LMC’s soothing retreat
There is a refreshing scent of herbs and other vegetation rising into the air to meet visitors approaching Los Medanos College from Parking Lot B.
The beautiful smell that permeates the area is from the sage and mint leaves and other herbs. A quick turn to the west after the parking lot will lead into the college’s Nature Preserve.
“We’re a nonprofit schoolyard habitat,” said Outdoor Lab Technician and Caretaker Mark Asher, adding that the preserve is an open-air biological laboratory.
The air breathed in the nature preserve advertises health and heartiness. But the tables, which are so conveniently placed under trees for study or relaxing, are supplied with ashtrays to keep smokers from starting a fire and destroying the beauty.
“Anything that can grow in the entire college area always ends up growing in the preserve,” said Mickey Rovere, assistant caretaker. “It is carried by the wind. When they mow the lawn the wind blows disturbed seeds down the hill into the preserve.”
Over in a cove, beneath luscious shade trees, there is a fishpond with California native mosquito fish. As the mosquito lay their larvae, the fish eat them, thereby keeping the mosquito population down.
The preserve is also home to jack rabbits, coyotes, snakes and assorted squirrels. Rovere said the coyotes come after dark to feast on the wildlife. “We find skulls in here all the time,” Rovere said, adding that a coyote had made a kill during the previous night.
A web report documents the origins of the Nature Preserve…“Christine Hagelin, environmental biologist has now retired, but the students in her Environmental Biology and General Biology classes developed the Nature Preserve. It is a habitat for Wildlife and Learning.”
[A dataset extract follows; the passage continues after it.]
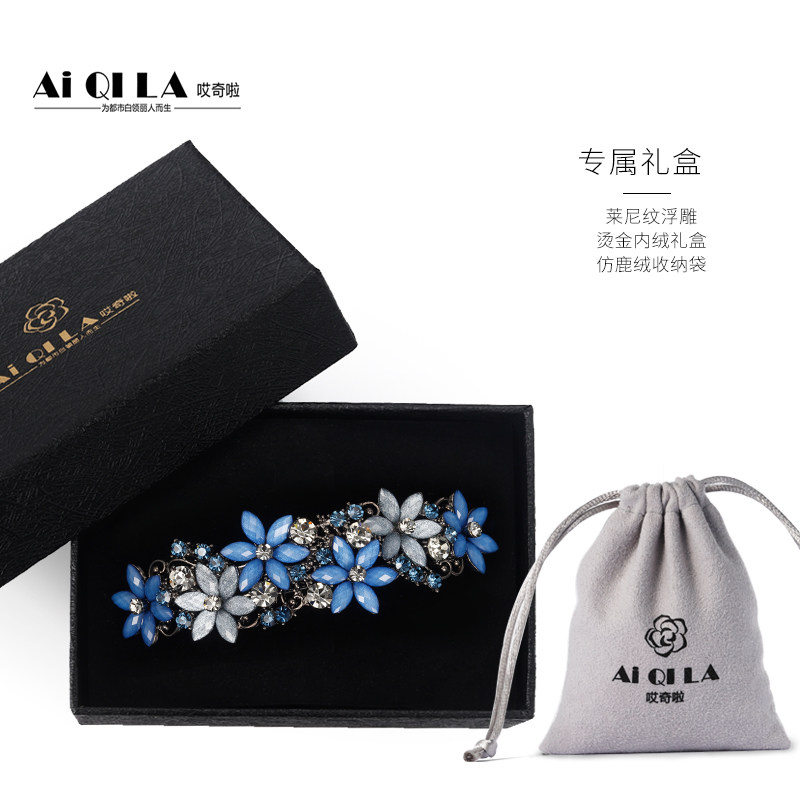 简约顶夹一字弹簧发卡妈妈优雅女夹子中年发夹大号后脑勺头饰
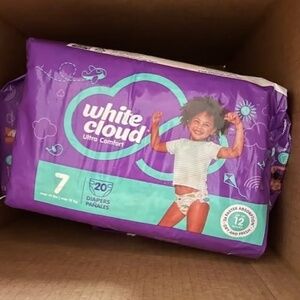 White Cloud Ultra Comfort Diapers, Size 7, Over 41lbs, 20 Disposable Diapers NEW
Students worked for several years planting California native plants on the one acre site at the college. The plants, along with the pond, provide a home for wildlife like the monarch butterfly and the Anna’s hummingbird.
The LMC Nature Preserve has been certified as a schoolyard habitat for wildlife by the National Wildlife Federation, stating that “This national certification program certifies schools which provide the four components for wildlife: food, water, cover and places to raise young.”
The “caretakers” are also instructors. Asher teaches the history of plants in California, bio diversity, adaptations and evolution, soil science and horticulture. He also teaches all sections of chemistry. Rovere also teaches, and has coordinated labs for Biology 007. “I’m doing one in two days, Asher said adding, “They’re more like lab practicums.”
“Everything here is California native, with the exception of the things the birds plant. That we can’t control. But we try to pull all the invasive grasses,” Rovere said. Biology students earn extra credit by volunteering to help pull weeds or otherwise keep the preserve in order, Rovere said.
One must be careful when walking in the preserve because ground squirrels dig holes. Visitors should wear sturdy comfortable shoes. “Even in my boots, I will step in a certain spot, and I almost broke my ankle one day,” Rovere said.
On Earth Day, there was a plant sale which garnered $53, not as much as the previous sale, but still helpful. There is usually a plant sale in the fall and in the spring.
“All our plant sale funds go to the Nature Preserve. We use the funds for Nature Preserve materials so we can keep having classes come and use it as an outdoor Laboratory,” Asher said.